La prise de conscience des enjeux du statut de citoyen s’est matérialisée ici aussi par l’obligation d’agir contre l’ensemble des structures menaçant le fonctionnement pérenne d’un ordre communautaire ancien, mis à mal par des stratégies de développement onéreuses et visant l’épuisement des ressources. Etre citoyen dans ce cas nécessitait avant tout la sortie de l’anonymat, de l’indifférence et du défaitisme caractéristiques de la Roumanie des années 1990 et par ces acquis, la lutte pour un développement soutenable de Rosia Montana représente non pas uniquement une victoire exemplaire, mais aussi un savoir agir reproductible que les acteurs et sympathisants d’hier et d’aujourd’hui ne sont pas prêts d’oublier.
Nous l’avons vu, Rosia Montana a représenté pour la société civile une prise de conscience de son propre pouvoir, lui permettant de devenir plus mature et plus efficace.

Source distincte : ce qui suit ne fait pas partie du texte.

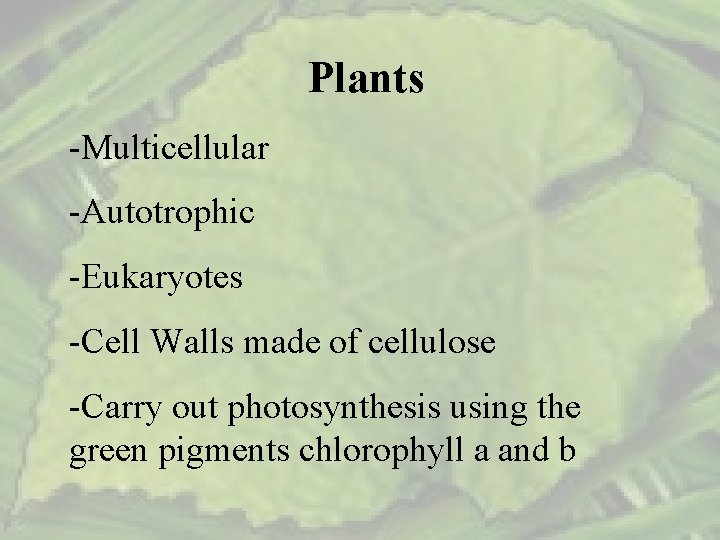 Plants Holly Springs High School Biology What is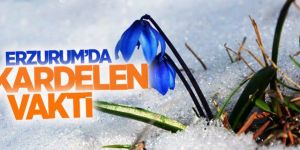 Erzurum’da Kardelen Mevsimi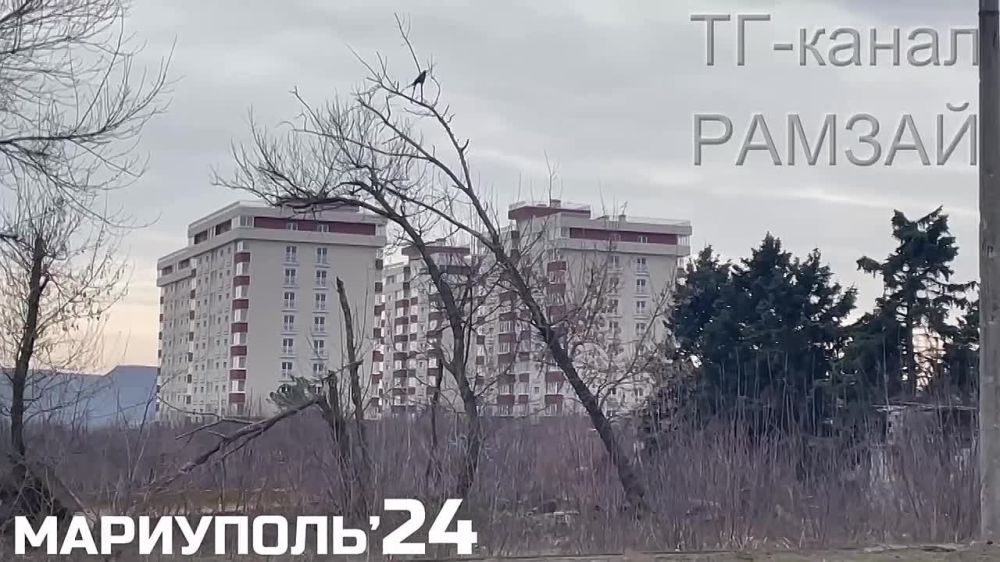  :                  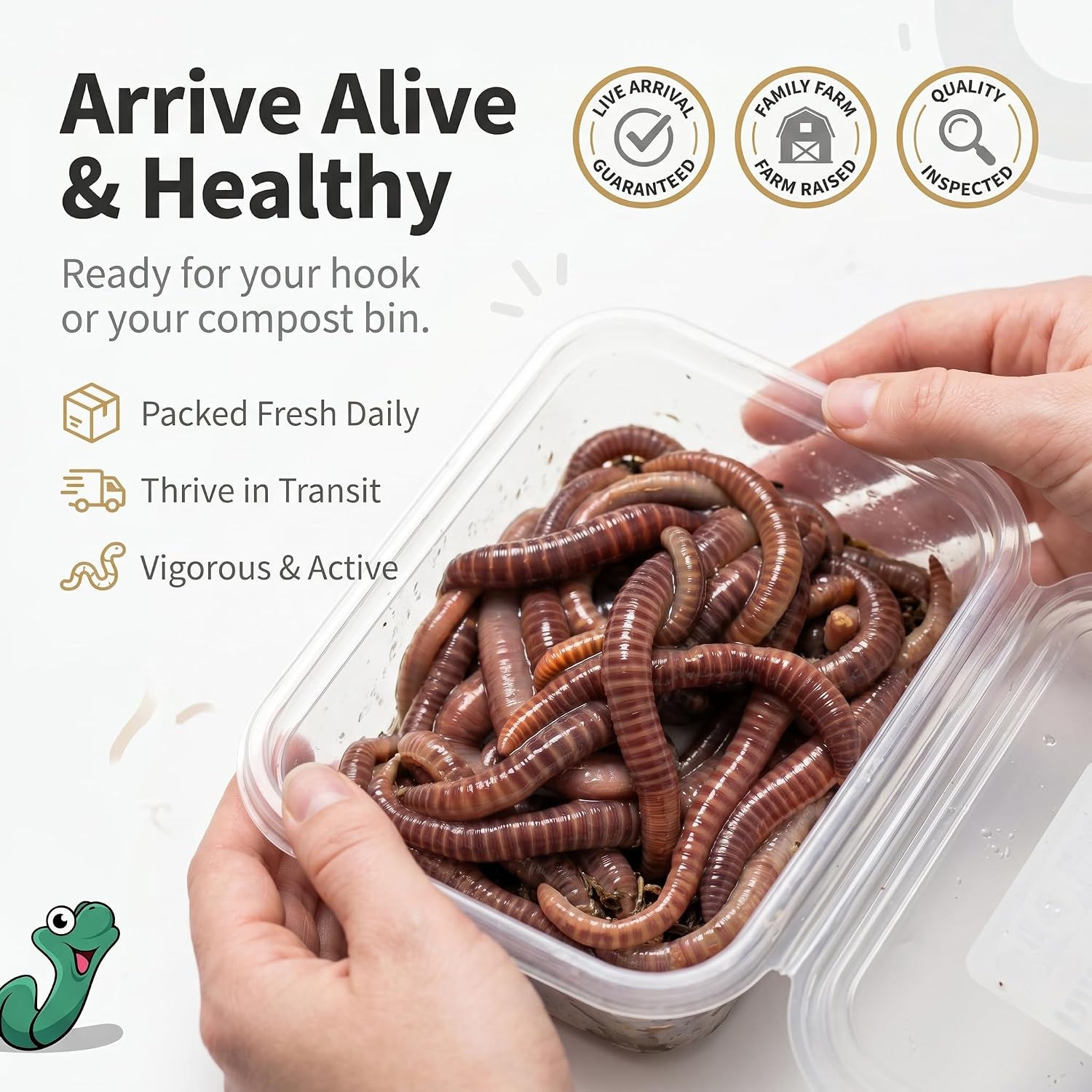 Live PANFISH European Nightcrawlers Composting Worms Fishing Worms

De nos jours, elle représente aussi la preuve que l’abnégation des militants pour la reconnaissance d’un héritage culturel amplement plébiscité paye et qu’un développement qui se veut soutenable ne peut plus faire l’économie d’une adhésion citoyenne aux projets décidés par le monde économique.
De ce fait, ce processus remarquable d’émancipation roumaine ainsi que les outils qu’il mobilise - trop peu étudiés par les chercheurs et dont la confrontation avec d’autres mobilisations sociales qui lui sont contemporaines reste à faire - mériterait, il me semble, de gagner plus l’intérêt du monde scientifique, ce que j’appelle de mes vœux.